If you live in an older home with a non- functioning intercom system (I do) then you have available to you a number of convenient places to stash a firearm for quick retrieval. It just takes a little work. I have stared for years with annoyance at the non-functioning intercom panel in my bedroom and debated whether it was worth the effort to remove it and patch the hole. Since I detest drywall work and dislike moving furniture and painting almost as much, I lived with it for years. Finally, the solution below dawned on me.

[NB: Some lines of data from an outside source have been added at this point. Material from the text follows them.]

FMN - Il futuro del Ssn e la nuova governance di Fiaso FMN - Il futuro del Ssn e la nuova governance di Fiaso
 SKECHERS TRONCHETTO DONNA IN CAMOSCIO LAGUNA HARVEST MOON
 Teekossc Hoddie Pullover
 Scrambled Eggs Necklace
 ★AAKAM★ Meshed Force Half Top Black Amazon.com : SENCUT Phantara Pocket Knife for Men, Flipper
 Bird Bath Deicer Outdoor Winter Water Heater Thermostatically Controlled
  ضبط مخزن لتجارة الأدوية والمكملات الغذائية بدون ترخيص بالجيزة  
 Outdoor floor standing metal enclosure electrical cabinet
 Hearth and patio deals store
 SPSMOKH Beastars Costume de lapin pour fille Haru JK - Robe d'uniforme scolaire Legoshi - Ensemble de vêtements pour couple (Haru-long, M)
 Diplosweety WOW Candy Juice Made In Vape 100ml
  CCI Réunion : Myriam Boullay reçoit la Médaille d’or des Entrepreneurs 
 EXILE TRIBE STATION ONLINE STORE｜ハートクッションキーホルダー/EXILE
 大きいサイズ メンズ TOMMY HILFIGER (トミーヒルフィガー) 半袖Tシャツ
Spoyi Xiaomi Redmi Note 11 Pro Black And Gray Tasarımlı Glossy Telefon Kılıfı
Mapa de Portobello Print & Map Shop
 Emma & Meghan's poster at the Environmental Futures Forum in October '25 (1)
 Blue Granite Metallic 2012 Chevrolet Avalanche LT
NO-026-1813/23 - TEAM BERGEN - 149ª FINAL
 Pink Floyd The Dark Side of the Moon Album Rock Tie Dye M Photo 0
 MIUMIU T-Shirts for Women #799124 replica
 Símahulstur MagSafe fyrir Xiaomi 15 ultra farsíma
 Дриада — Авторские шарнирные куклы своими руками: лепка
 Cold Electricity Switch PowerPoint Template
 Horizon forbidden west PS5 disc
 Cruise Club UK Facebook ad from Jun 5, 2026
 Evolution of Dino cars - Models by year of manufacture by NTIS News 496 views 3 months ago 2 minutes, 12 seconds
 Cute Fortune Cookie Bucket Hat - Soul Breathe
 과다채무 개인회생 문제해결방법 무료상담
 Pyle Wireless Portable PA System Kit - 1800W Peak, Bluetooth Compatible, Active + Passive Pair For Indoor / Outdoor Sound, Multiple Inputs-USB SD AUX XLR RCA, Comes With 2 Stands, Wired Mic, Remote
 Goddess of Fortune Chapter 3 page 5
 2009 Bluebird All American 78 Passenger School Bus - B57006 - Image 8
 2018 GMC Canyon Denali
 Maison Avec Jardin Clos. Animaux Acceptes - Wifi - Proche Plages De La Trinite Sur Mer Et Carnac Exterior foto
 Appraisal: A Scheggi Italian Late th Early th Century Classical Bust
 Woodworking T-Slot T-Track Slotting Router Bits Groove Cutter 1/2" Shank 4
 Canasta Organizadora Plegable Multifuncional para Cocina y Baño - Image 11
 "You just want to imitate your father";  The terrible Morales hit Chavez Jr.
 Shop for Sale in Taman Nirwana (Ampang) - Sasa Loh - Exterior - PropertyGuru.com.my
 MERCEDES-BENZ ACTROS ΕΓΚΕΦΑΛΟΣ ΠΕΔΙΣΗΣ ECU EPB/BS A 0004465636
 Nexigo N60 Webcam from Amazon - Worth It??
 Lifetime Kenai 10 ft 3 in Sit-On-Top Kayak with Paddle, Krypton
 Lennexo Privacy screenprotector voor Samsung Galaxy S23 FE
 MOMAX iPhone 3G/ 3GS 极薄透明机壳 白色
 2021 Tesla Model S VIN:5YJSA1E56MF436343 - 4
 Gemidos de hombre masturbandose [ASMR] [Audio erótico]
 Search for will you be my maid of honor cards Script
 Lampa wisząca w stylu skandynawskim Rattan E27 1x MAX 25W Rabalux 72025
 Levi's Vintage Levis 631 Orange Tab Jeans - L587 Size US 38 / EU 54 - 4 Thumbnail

I simply removed the guts of the intercom and built a box to replace it in the wall cavity. Since the face frame of the intercom panel was steel, I used two strong but inexpensive craft magnets as a latching mechanism to hold the intercom faceplate in place If your faceplate is plastic or you do not want to sacrifice that much interior space, you can drive drywall screws into the wall where the previous screws were, glue small rare earth magnets to the back of the screw holes on the faceplate to match and glue cutoff screw heads on the front to complete the appearance. I used a piece of black craft foam to “black out” the grill.
Bolts replaced the rheostats, etc. and provided anchor points for the two knobs on the front. I used a rotary tool to flatten one side of each bolt end so the set screws in the knobs would hold firmly. The screws that previously held everything to the wall were replaced with four short machine screws epoxied into place. These give the right cosmetic appearance and guide the faceplate into the proper position on the wall each time it is returned to cover the cavity as they slide into the pre-existing screw holes in the wall.
I know not everyone will want to share their secret storage places and ideas. After all, the value of a secret hiding place is in its secrecy. The truth is that I do not use this one for firearms because I have a young grandson and it does not lock. If I get around to equipping it with a proximity or similar lock, I may use it for that purpose. An electrical line runs through the wall in that area so I could easily power such a lock. For now, though, it is used only to temporarily stash minor valuables and other items I wish to keep away from prying eyes. I demand more security than this for items of real value or need.
So what secrets are you keeping?
Possible next project: I recently read about this one and am seriously considering it as an alternative to a traditional gun safe for my long guns. Take a worn out water heater and use it as the basis for a gun safe, including dummy pipes running into the wall or the floor above.